Result Ranking (Relevance Scoring)

Once candidate documents are retrieved, they undergo a sophisticated ranking process. The relevance scoring algorithm considers multiple factors:

  • Semantic Similarity Score: How closely the document’s meaning aligns with the query intent
  • Keyword Match Quality: The precision and coverage of keyword matches
  • Document Freshness: More recent documents may be prioritized for time-sensitive queries
  • User Context: Previous interactions and user preferences influence ranking
  • Source Authority: Documents from authoritative sources receive higher scores

The ranking model is continuously refined through user feedback, learning to prioritize results that lead to successful outcomes.

Context Building (Chunk Assembly)

Top-ranked documents are then processed for context building. Rather than feeding entire documents to the LLM, Onyx employs intelligent chunking:

  • Semantic Chunking: Documents are split at natural boundaries (paragraphs, sections) rather than arbitrary character counts
  • Contextual Overlap: Adjacent chunks include overlapping context to maintain coherence
  • Metadata Enrichment: Each chunk includes relevant metadata (source, date, author) for proper attribution
  • Size Optimization: Chunks are sized to maximize information density while staying within token limits

The assembled context provides the LLM with precisely the information needed to answer the query accurately.

Answer Generation (LLM Processing)

With the context prepared, the LLM generates a comprehensive response. Onyx’s generation process includes:

  • Prompt Engineering: Carefully crafted prompts guide the LLM to use provided context effectively
  • Citation Integration: The LLM is instructed to reference specific sources when making claims
  • Streaming Responses: Answers are streamed in real-time, providing immediate feedback
  • Confidence Indicators: When appropriate, the system indicates uncertainty about certain claims

Data Sources: 50+ Connectors

Onyx’s connector ecosystem is one of its strongest features.
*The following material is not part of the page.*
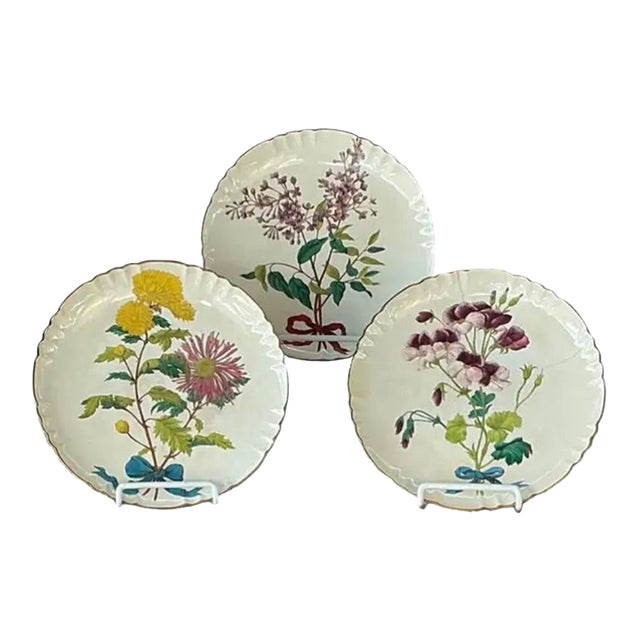 Minton Botanical Flower Spray Plates For Sale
The platform supports over 50 pre-built connectors for popular data sources:

  • Collaboration Tools: Slack, Microsoft Teams, Discord
  • Documentation: Confluence, Notion, GitBook
  • Development: GitHub, GitLab, Bitbucket, Jira
  • Storage: Google Drive, Dropbox, OneDrive, S3
  • Databases: PostgreSQL, MySQL, MongoDB, Elasticsearch
  • And Many More: Custom connectors can be built using the MCP protocol

These connectors continuously sync data into the Vespa index, ensuring the knowledge base stays current with source systems.

Agent System

Understanding the Agent System

The agent system diagram showcases Onyx’s sophisticated approach to AI agent orchestration. This architecture enables specialized agents to work independently or collaboratively, each optimized for specific task types.

Agent Router (Intent Classification)

The journey begins at the Agent Router, which serves as the intelligent dispatcher for all incoming requests. Using advanced natural language understanding, the router analyzes each user request to determine:

  • Intent Recognition: What type of task is the user requesting?
  • Complexity Assessment: How many steps will this task require?
  • Resource Requirements: Which tools and knowledge bases are needed?
  • Agent Selection: Which specialized agent is best suited for this task?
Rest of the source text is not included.